O monstro nelas encerrado produziu sementes, que, regadas sem prevenção e sem repressão, deram frutos rapidamente multiplicados: a violência.
E ela fez o caminho inverso em larga escala. Saiu dos barracos para as mansões, onde filhos que sempre tiveram tudo passaram a matar os pais, os avós, em busca do algo mais que alimentasse esse monstro existente dentro de cada um.
O crack acelerou esse processo de destruição do ser humano, depois de dominar o mercado na maioria das cidades.

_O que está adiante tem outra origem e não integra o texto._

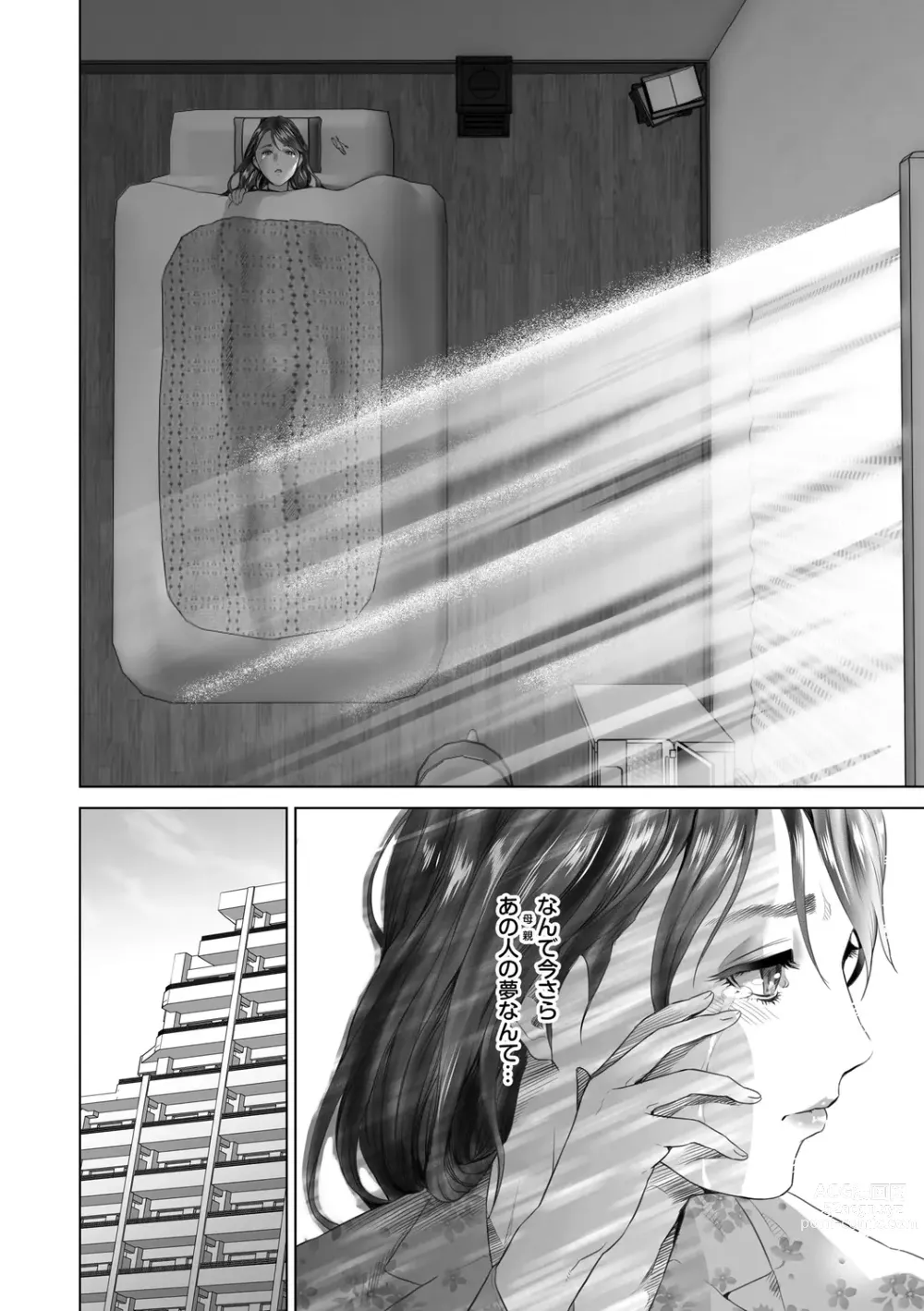 Page 190 of manga Hahaoya Yuuwaku ~Boku no Mama Ikusei Keikaku~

Primeiro sinal de alerta, em Uberaba, me foi dado pelo juiz criminal Ricardo Motta: "Estão sendo levados a mim (como usuários) homens trabalhadores, de mãos calejadas". Foi o registro inicial de que os tentáculos do crack eram maiores do que se imaginava.
O consumo deixou de ser "escondido" e se espalhou pelas festas populares.

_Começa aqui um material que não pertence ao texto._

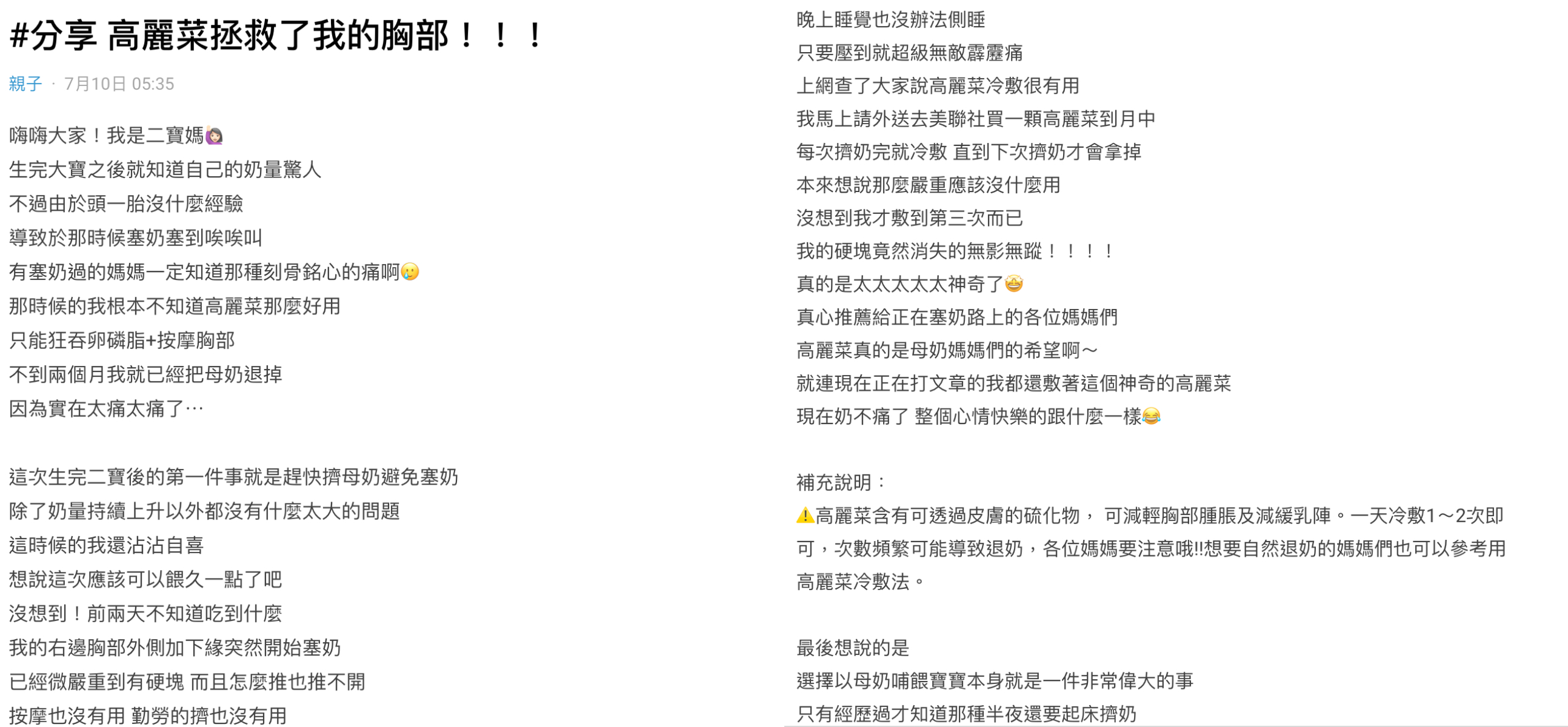 原PO發文。（圖／翻攝自Dcard）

Foi então que escrevi "Pobres pais, pobres filhos!" – artigo publicado neste espaço. Parece que somente aí muitos pais "caíram na real" que era ilusória a "proteção" que davam aos filhos sendo seus "motoristas particulares", representado pelo ato de levá-los e buscá-los em festas que não entravam.
Nesse intervalo de quatro a seis horas, muitos jovens se drogavam e voltavam para casa, escoltados pelos pais, como se houvessem apenas ingerido bebida alcoólica.
Quando a realidade foi exposta, veio o pânico. Poucos profissionais da área de saúde sabiam (e muitos ainda não sabem) como lidar com isso naquela época.
O crack, droga "barata" – pela qual se paga um preço muito alto, em verdade -, bestializou ainda mais o animal humano, ao ponto de se questionar se alguns deles não são simplesmente animais de instinto exterminador ainda mais apurado.
Mesmo na nossa até então pacata Uberaba, o crack espalhou a violência. Jovens passaram a se matar pelo controle de pequenos pontos de drogas ou simplesmente por "não gostar da cara do outro", quando a sua própria está cheia da droga.
Uma outra consequência disso foi a "explosão" do número de pequenos furtos e assaltos. A turma saiu à rua à procura de dinheiro. Qualquer calça pendura no varal passou a ter a imagem de uma pedra de crack no momento da fissura.
E nossos estabelecimentos prisionais – para maiores e menores de idade – passaram a ficar abarrotados (tanto que o cadeião implodiu diante de suas precariedades e da clientela crescente).
Na penitenciária, as estatísticas revelam que até 80% dos presos têm envolvimento com drogas ilícitas. Mataram por elas, sob o seu efeito ou são dependentes químicos.
Mata-se, morre-se e até "vive-se" pelas drogas.
O descaso com que o Estado tratou a segurança pública entre 1980 e início do terceiro milênio – como admitiu o vice-governador Antônio Anastasia em reunião com Anderson e membros do Conselho Municipal de Segurança, em fevereiro deste ano – se repete com as drogas.
Faltam programas sérios de prevenção e repressão, mesmo estando provada a relação entre as drogas e os principais crimes contra a pessoa e o patrimônio. E a sociedade fica como avestruz.
Os motivos são inúmeros: desinteresse, desconhecimento, ignorância, incompetência, medo, cumplicidade, rabo preso.
O combate às drogas, nas mais variadas formas, precisa também do engajamento da sociedade. É preciso sair do campo das lamentações para o enfrentamento do mal, sob pena de o lamento se transformar em desespero já experimentado por milhares de famílias uberabenses.
Para 2009, o município prepara a deflagração de uma grande campanha preventiva. Que haja o engajamento de todos – do simples mortal aos semideuses. A droga não é problema exclusivamente de polícia. É de todos.